Why blame teachers' unions? Teachers unions are just the voice of teachers. Wouldn't it make more sense to blame the teachers themselves? If Republicans think teachers are paid too much, get overly lavish retirement plans, or have too short a school year or work day, why don't they just come out and say that our nation's teachers are lazy and greedy? For that matter, why not blame the school boards who agree to pay the teachers and give them benefits? Why not blame the voters who elected the school board members?
The answer is pretty obvious. The whole purpose of creating a boogie man is to distract people from what is really causing their problems, not to focus attention where it belongs. If the Republican Party really wanted to do something about the national debt, they would have to make large cuts in military spending. And if the Republican Party were to look at what really needs to be changed in order to improve education, they would have to look at what caused it, which to a very large extent is racism.
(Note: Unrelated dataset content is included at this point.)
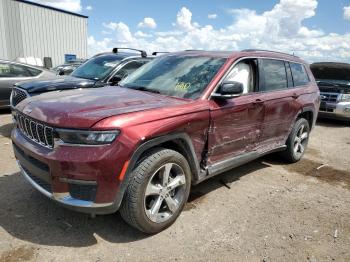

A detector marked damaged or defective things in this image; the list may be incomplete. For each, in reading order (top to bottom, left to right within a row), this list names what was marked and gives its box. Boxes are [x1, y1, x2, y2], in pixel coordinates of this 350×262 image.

damaged jeep grand cherokee [11, 49, 320, 233]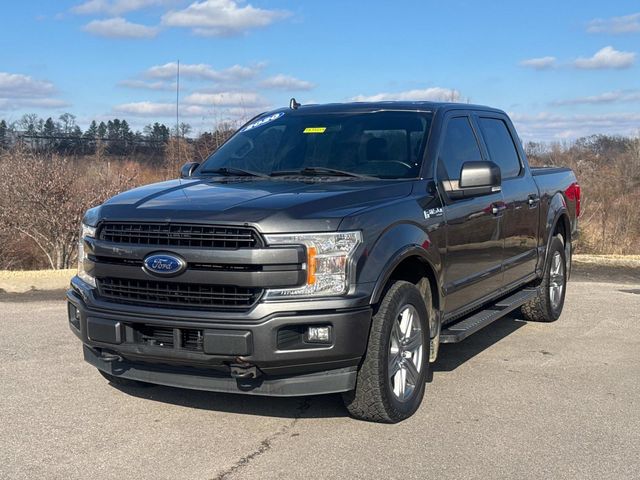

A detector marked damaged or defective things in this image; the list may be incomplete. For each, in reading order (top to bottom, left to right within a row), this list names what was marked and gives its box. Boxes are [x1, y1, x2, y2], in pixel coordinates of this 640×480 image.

cracked asphalt [1, 274, 640, 480]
Inner-city schools aren't inherently bad. But schools tend to suffer in neighborhoods that were abandoned by white people who moved to the suburbs, taking with them their money, influence, jobs, and tax revenue just so that they wouldn't have to live next door to minorities. Republicans aren't any more guilty of white flight than Democrats, so Republicans don't have any reason to avoid the historical truth. But today's Republicans are firmly committed to not spending any money to remedy inner-city school problems, so they blame the problems on the boogie-man, teachers' unions. It doesn't make any sense that teachers' unions would want schools and students to fail, but sense is not what guides Republicans.
There are also problems that were caused by racism in schools that aren't in inner cities. In some rural parts of the country, separate but certainly not equal schools were established and the inequality was never really erased after the courts ordered an end to segregation. Unequal schools were perpetuated by building private academies for whites and by building entire new suburbs which were segregated by income and practice, not by law. There are also problems in schools that were not primarily caused by racism, but the Republican party doesn't want to spend money to solve any of our country's problems, including the problems that schools have, so they need a boogie man.
What would happen if we got rid of teachers' unions? Teachers would be paid less, have to work in more crowded classes, and have no job security. As any Republican free-market capitalist economist will tell you, as pay and work conditions deteriorate, fewer people will be interested in becoming teachers, so the quality of the labor pool from which teachers are chosen will decline. Our nation's students will get lower quality education, so they will learn less. Our industries will have more trouble finding qualified workers, so they will import more workers from abroad and send more jobs overseas, which will lead to higher unemployment in America. All of this will hurt the American economy and the people who the Republicans are trying to convince to vote for them. The Republicans' attack on teachers' unions is really an attack on America. That's why they need a boogie-man.